Check out these six links that we’re recommending to one another: 

  • Our Office Avatar Part 1 – Harper Reed. Harper Reed continues to be one of my favorite things on the Internet. A hacker’s hacker, he loves to mess with things. In this case, feeding data from sensors and security cameras to a wise-cracking AI chatbot. The results are predictably hilarious and well documented.” (Alistair for Hugh).
  • AI Makes Any Sound A Synth Preset Instantly – Longest Solo Ever – YouTube. “Electronic music comes from two sources: Sampling (playing back a recorded sound, often with modifications that change its pitch or speed) or synthesizer (creating soundwaves, then modifying them mathematically). And, until now, never the twain shall meet. I found this video fascinating and figured a musichead like you would too.
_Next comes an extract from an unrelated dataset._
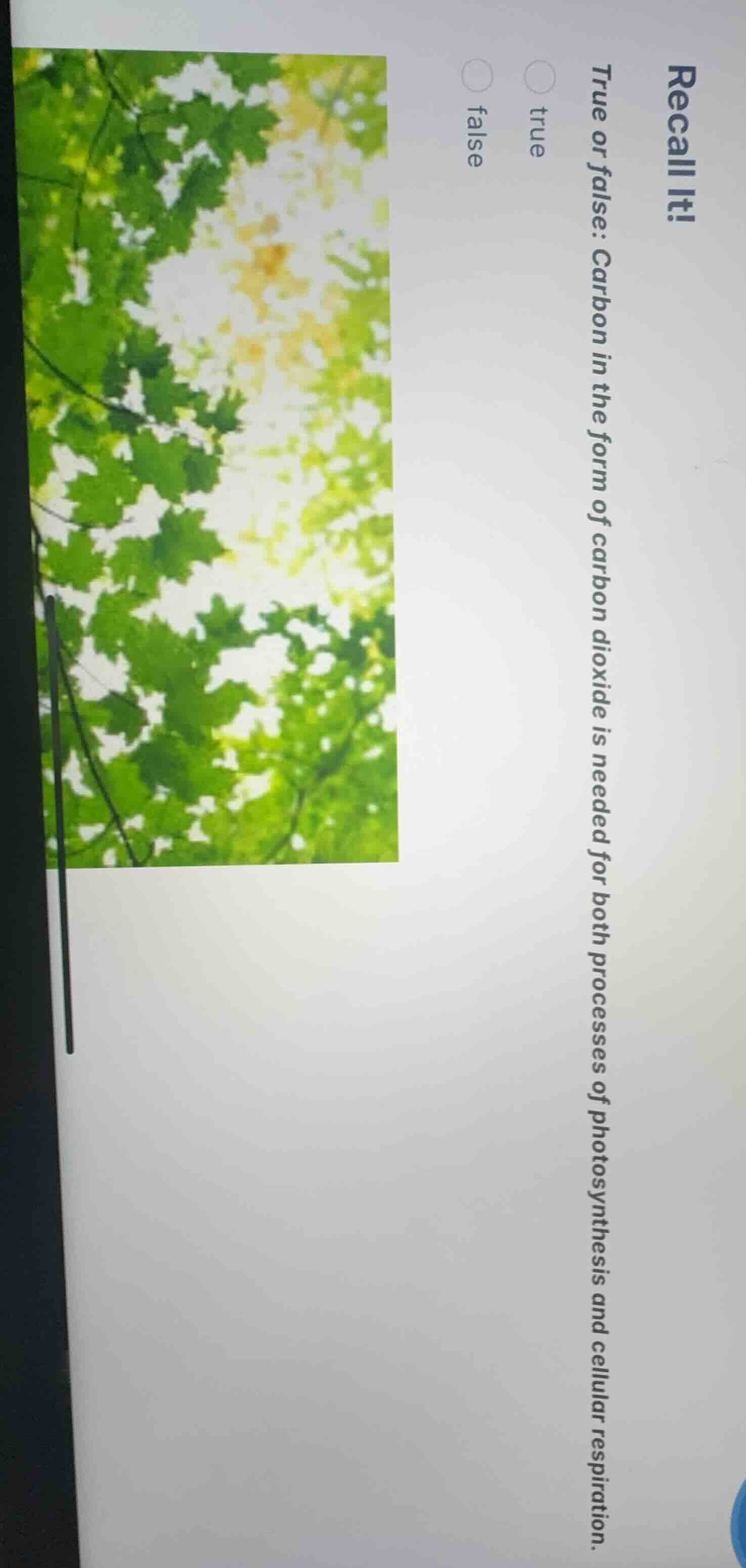recall it! true or false: carbon in the form of carbon dioxide is neede…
It reverse-engineers the modifications needed to synthesize a sample.” (Alistair for Mitch).
  • Effie Passero – ‘Billie Jean’ (Cover) – Mondays Dark – YouTube. “Piano torch song version of Michael Jackson‘s ‘Billie Jean’.” (Hugh for Alistair).
  • Canadian School Boards Sue Social Media Giants For Over $4 Billion In Damages – Reuters. “New twist on the ongoing worry about kids, smartphones, social media, and the damage we’ve maybe done to a generation. A bunch of school boards in Ontario are suing Facebook, Snapchat, TikTok for making platforms that are ‘negligently designed for compulsive use, have rewired the way children think, behave and learn.’ There is growing evidence (another link for another week) about the massive impact on the mental health of teens from smartphone and social media use. And while $4 billion is a drop in the bucket (Facebook alone reported profits of $14 billion in the last quarter of 2023), this might be part of a new move to force change in how society deals with kids/teens and technology.” (Hugh for Mitch).
  • Daniel Kahneman: The Thought Leader interview – Strategy + Business. “We lost one of the great thought leaders last week. Daniel Khaneman was the Nobel Prize-winning economist who tackled everything from the psychology of judgment and decision-making to his work in creating the field of behavioral economics. And, having lived 90 years, he was able to assume the titles of author and psychologist – along with being one of the brightest economists our world has ever seen. Most will recognize him as the author of bestselling book, Thinking, Fast And Slow (2011), but his list of accolades and awards are plentiful. This is an interview with the also-brilliant, Michael Schrage (MIT Media Lab’s e-Markets Initiative and author of Serious Play – How the World’s Best Companies Simulate to Innovate). In a world where everyone wants to known as a thought leader, Kahneman walked the talked. Read on for his fascinating perspectives on human decision making, cognitive biases, prospect theory, risk, emotion, decision analysis and so much more. He will be missed.” (Mitch for Alistair).
  • Dungeons & Dragons All Started In This Tiny Wisconsin Town – Atlas Obscura. “Whoa wow… major Nerd Alert on this one. I don’t know if you spent any Saturday nights (and then a whole Sunday) being a Dungeon Master for the role-playing game, Dungeons & Dragons… but I sure did (and, it didn’t stop at D&D for my interest in these games). And… yes… truly nerdy (even though games like D&D have become popularized in the current culture of ComicCon and more – including the movie Dungeons & Dragons: Honor Among Thieves starring Chris Pine!). Now, after 50 years of the game that always held marketshare and some kind of interest in an audience, it’s leaning more into a more popular place in culture. Who created the game and where is it come from? We can thank Gary Gygax and Lake Geneva, Wisconsin for this one. Now the city celebrates Gary (and all things D&D) with Gary Con – an event to celebrate the game’s founder who passed awayin 2008. This is a great read and brings up a lot of nostalgia for me. It was also an opportunity to reflect on how D&D help mature my problem-solving, collaboration and personal growth skills as a teenager… which is something I had not associated with the game until this read. Roll ‘em!” (Mitch for Hugh).